We all love to see “increased engagement” from customers using the products we create, but it’s not always as clear as it might seem if the increase is positive or negative. It’s sometimes dangerous to have the singular goal to “increase usage of this feature” instead of “help customers get more done.” And even then, when our goal is 100% focused on helping the customer be a better human, we can sometimes misread the metrics we are collecting.
At Wunderlist, the notifications about recent activity feature was akin to the limit theorem: we iterated and iterated, but it always seemed like we couldn’t get to our ideal place to help customers see and understand what’s been happening in their lists. I believe we did our best, but there is one time where we thought we had improved things and it ended up we had done the opposite.
We instrumented the apps to let us know when someone clicked on the notification bell and we saw that hardly anyone was clicking on it. So we went to work: how could we help people know there is useful information in the notifications popover.
We added a red dot to indicate “hey, there’s some new stuff here.” Clicking to show the notification popover would remove the red dot (until later when there is new activity).
And our metrics for clicks on the notification bell went way up! Success.
Luckily, we dug a bit deeper into the stats and we noticed a strange occurrence: often there were two clicks from the same device in rapid succession, both clicks in less than two seconds. We assumed we had made a mistake in our apps and they were reporting the click twice. But we couldn’t reproduce this ourselves and it wasn’t reported twice every time, just often.

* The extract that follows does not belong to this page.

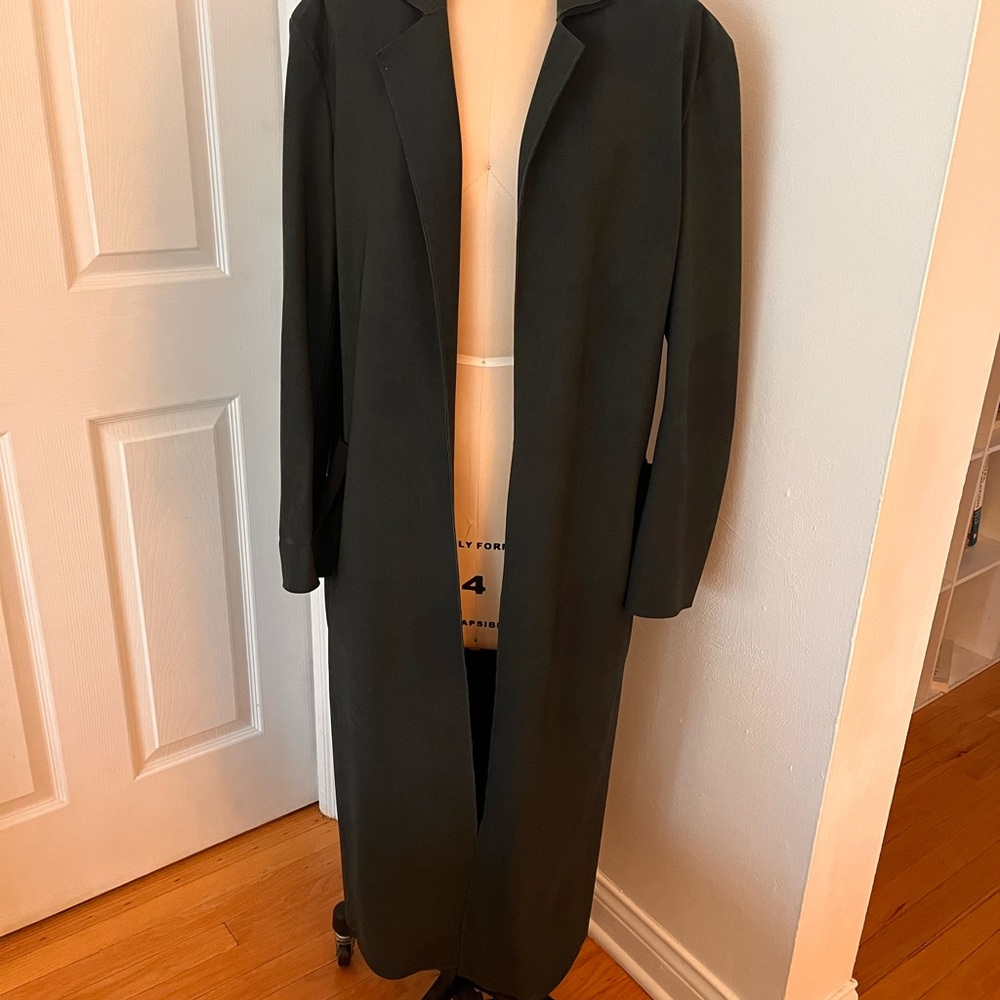 M2057 By Maria Pinto “Shane” Long Dark Forrest Green Overcoat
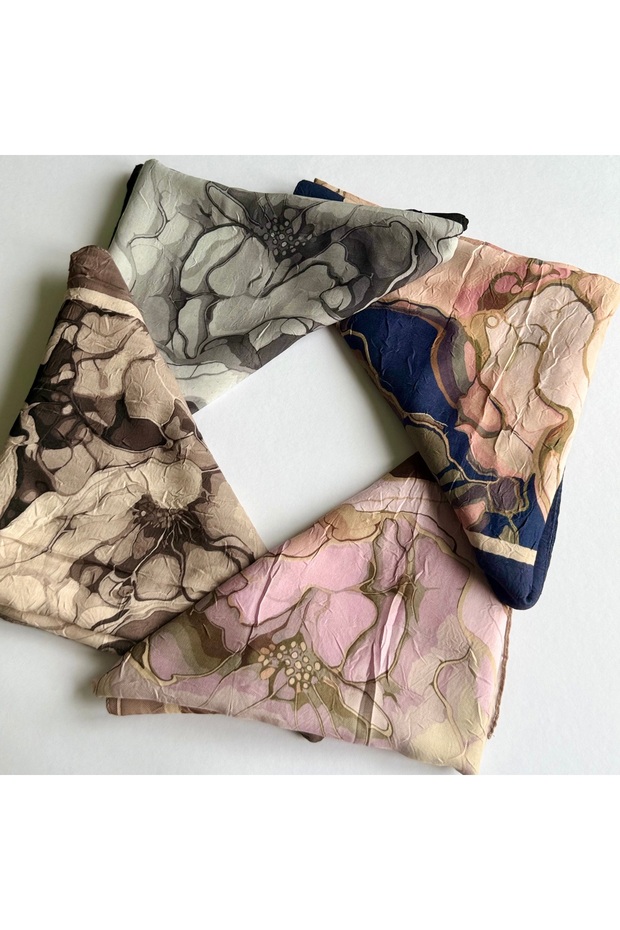 Ebruli Desen Bambu Eşarp - 8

We realized our customers were clicking once to show the popover, then immediately again to hide it.
It turned out customers really just wanted to remove the red dot. Our metrics were lying: positive engagement with notifications wasn’t going up as we had thought. Instead, we were annoying people.
Like I typed above: we never got the notifications feature to the point we wanted and that’s OK. Some features are infinite projects, require continual investment and adjustments, and are made incrementally better over time.